— EXERCISE BRIEF —
Using the data that follows, output only the lines from the line with "Organic Cotton Sweatshirt" up to and including the line with "สมิทแมชชีน Smith Machine", exactly, leaving pictures aside.

— SOURCE DATA —
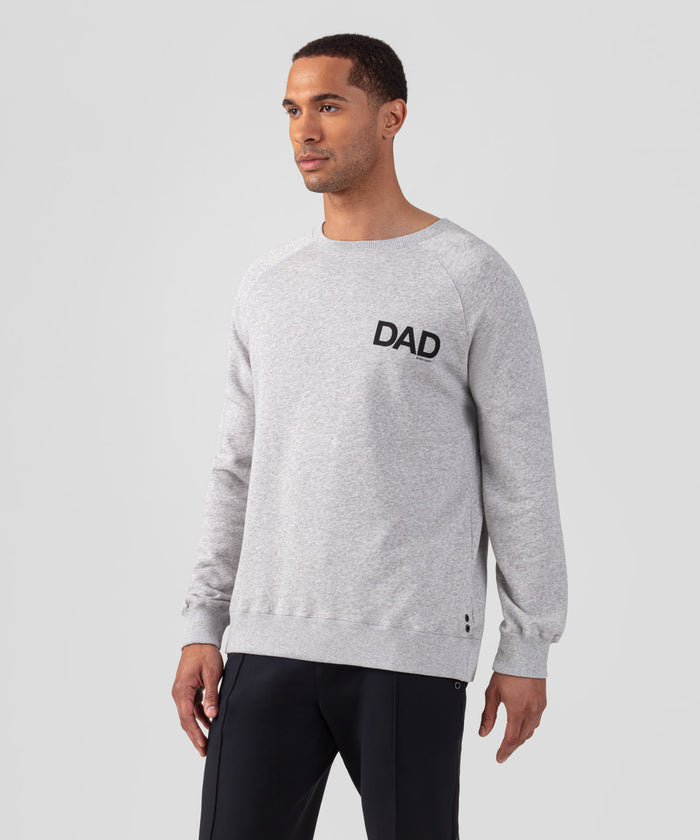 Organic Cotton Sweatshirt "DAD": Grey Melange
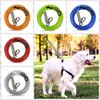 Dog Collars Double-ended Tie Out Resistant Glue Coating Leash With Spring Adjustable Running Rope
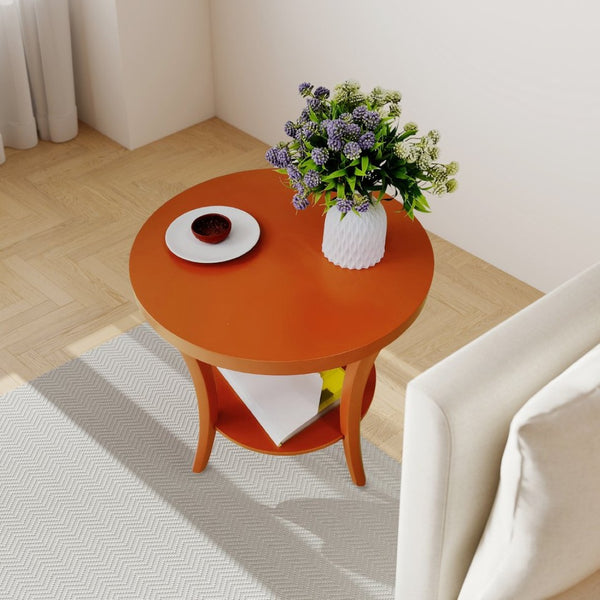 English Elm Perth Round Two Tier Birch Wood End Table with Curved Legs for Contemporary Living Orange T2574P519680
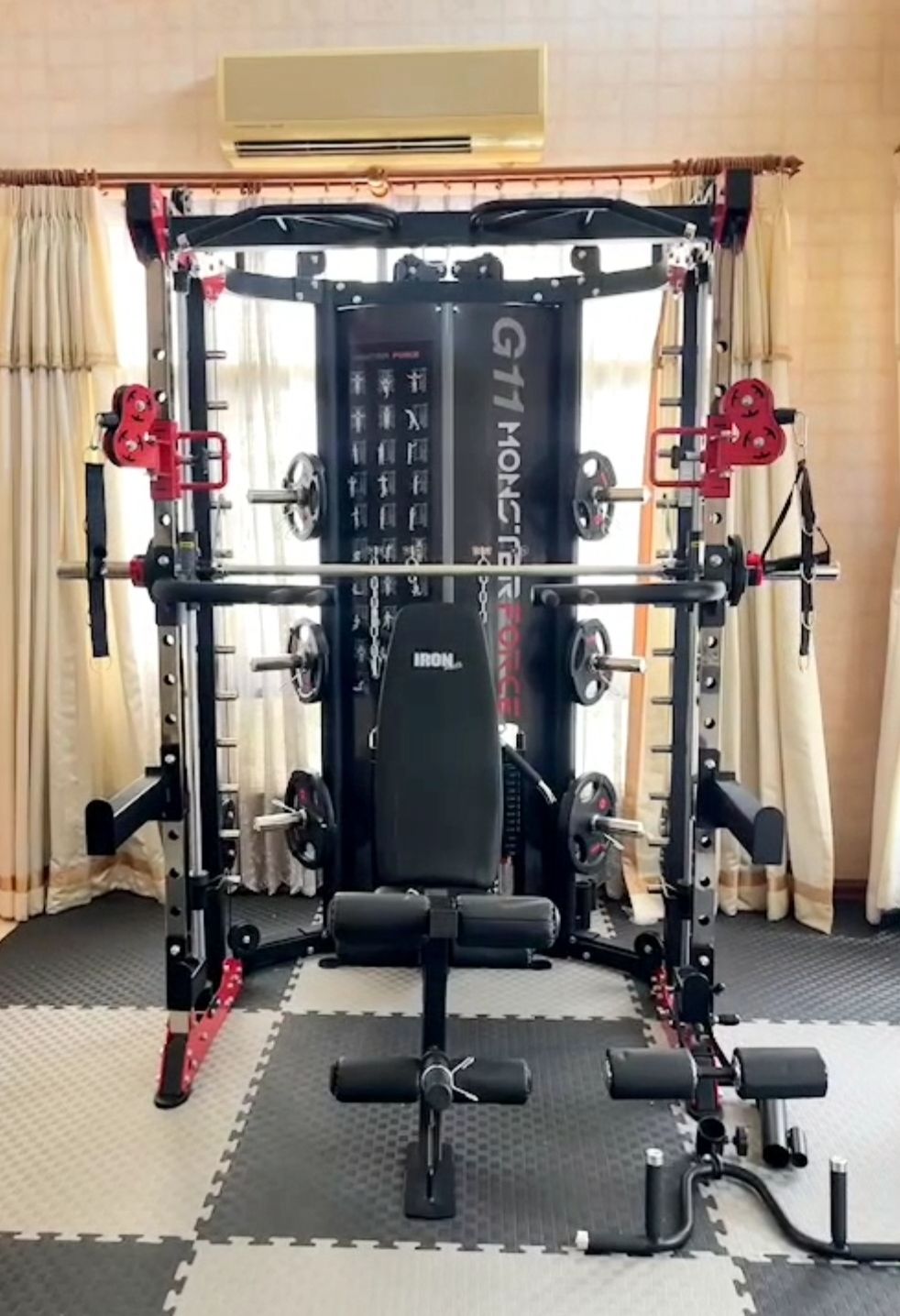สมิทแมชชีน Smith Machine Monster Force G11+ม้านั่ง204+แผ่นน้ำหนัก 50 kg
...
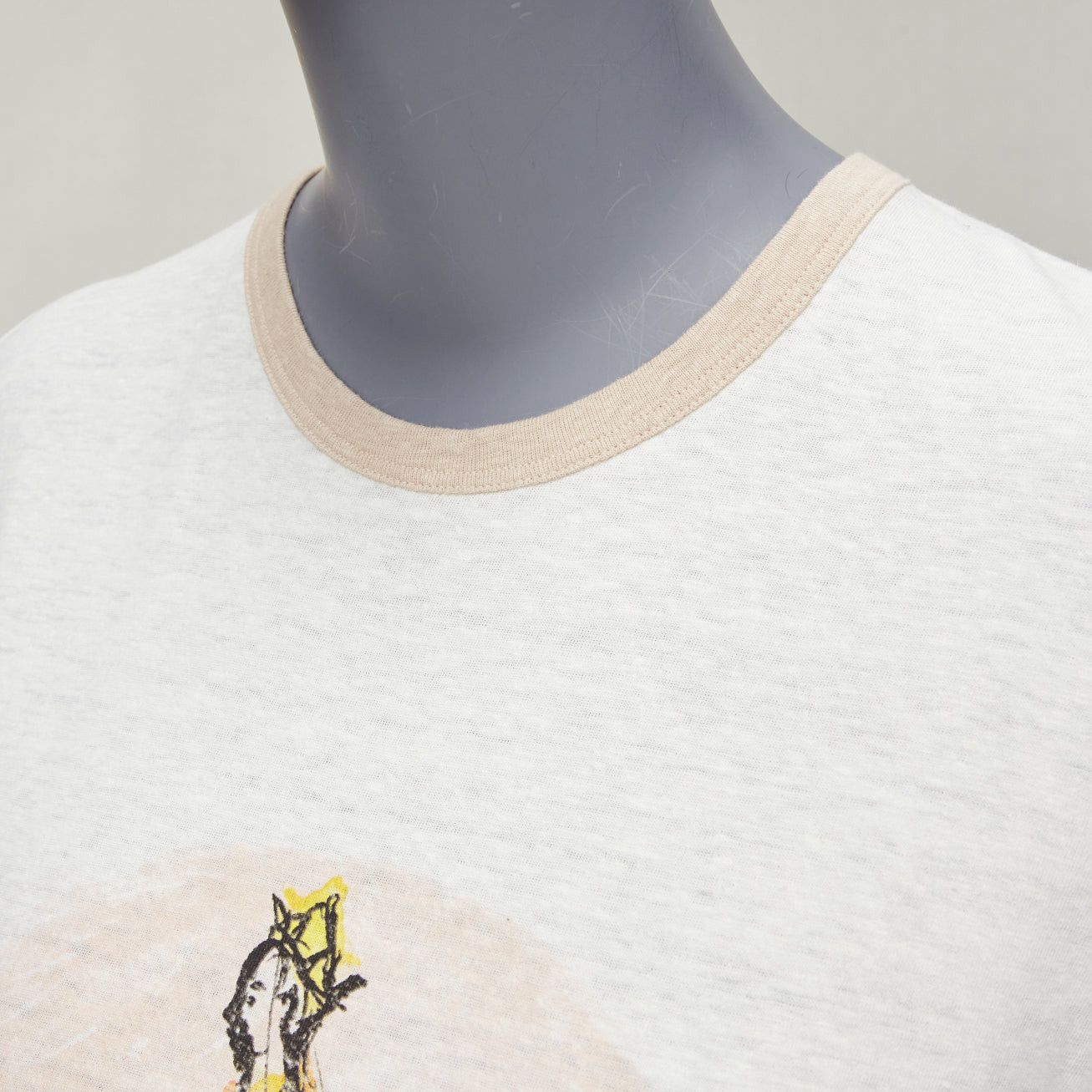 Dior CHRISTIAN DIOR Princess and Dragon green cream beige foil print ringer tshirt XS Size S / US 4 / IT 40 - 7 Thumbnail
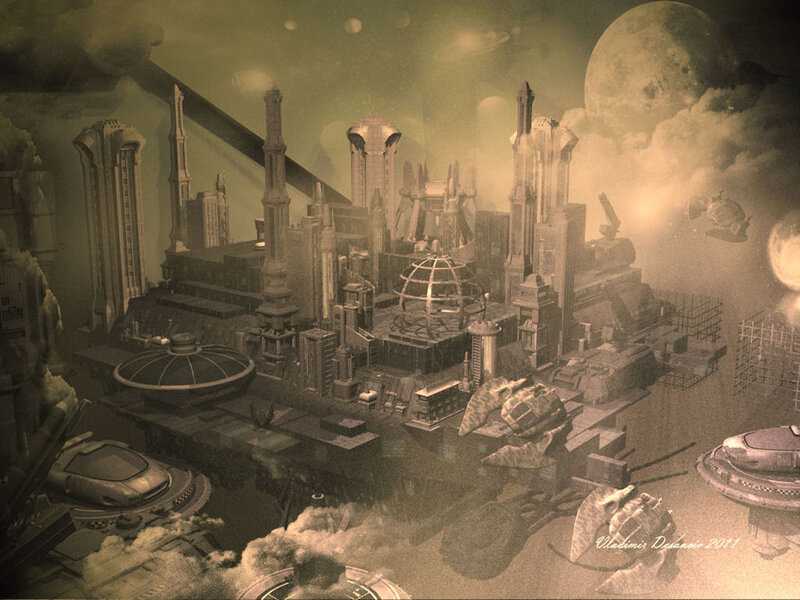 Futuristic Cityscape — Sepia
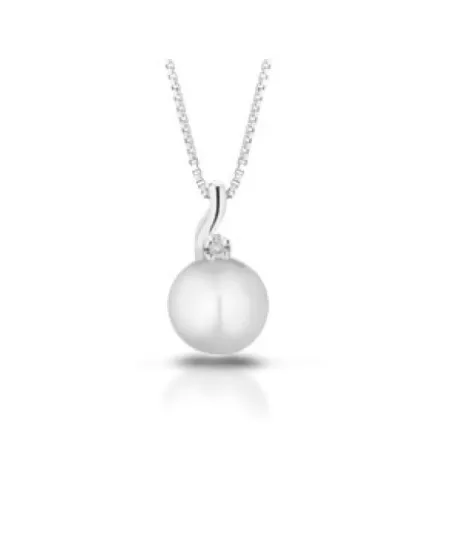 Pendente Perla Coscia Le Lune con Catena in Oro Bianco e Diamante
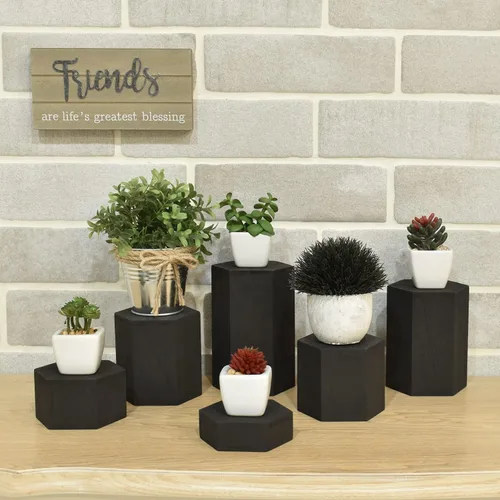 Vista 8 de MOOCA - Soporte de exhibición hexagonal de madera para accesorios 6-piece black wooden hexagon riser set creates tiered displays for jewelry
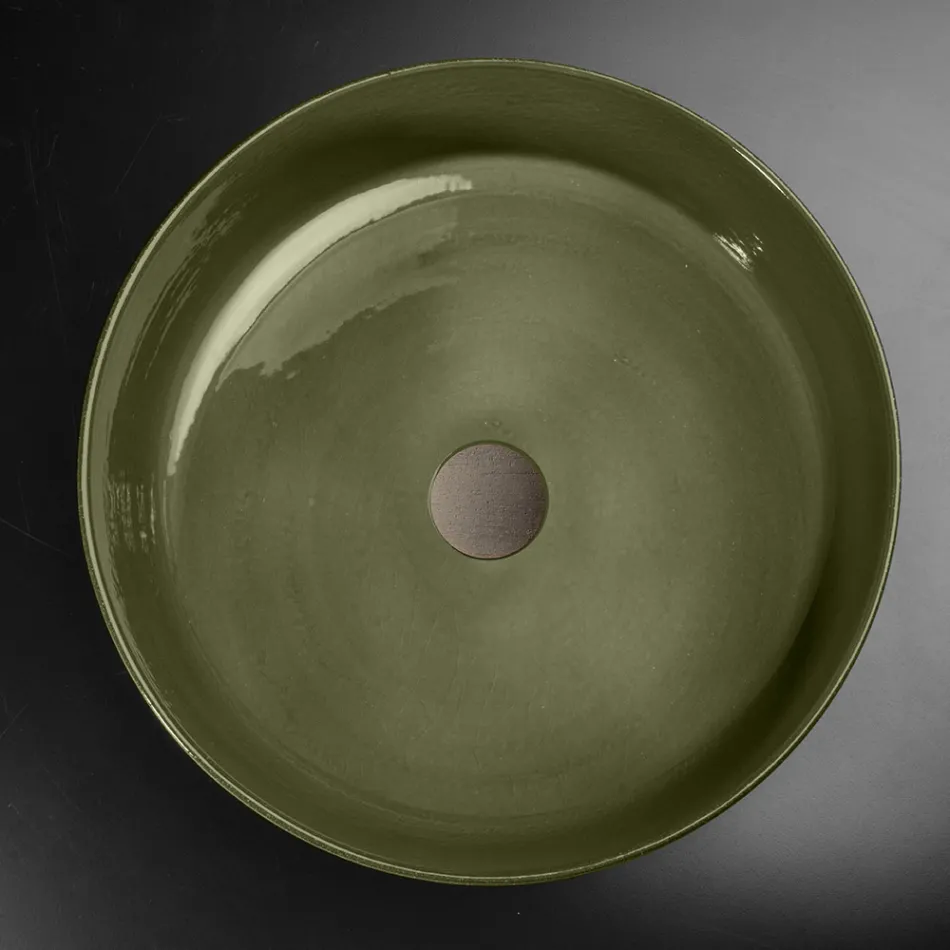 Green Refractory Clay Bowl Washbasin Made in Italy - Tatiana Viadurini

— EXPECTED OUTPUT —
 Organic Cotton Sweatshirt "DAD": Grey Melange
 Dog Collars Double-ended Tie Out Resistant Glue Coating Leash With Spring Adjustable Running Rope
 English Elm Perth Round Two Tier Birch Wood End Table with Curved Legs for Contemporary Living Orange T2574P519680
สมิทแมชชีน Smith Machine Monster Force G11+ม้านั่ง204+แผ่นน้ำหนัก 50 kg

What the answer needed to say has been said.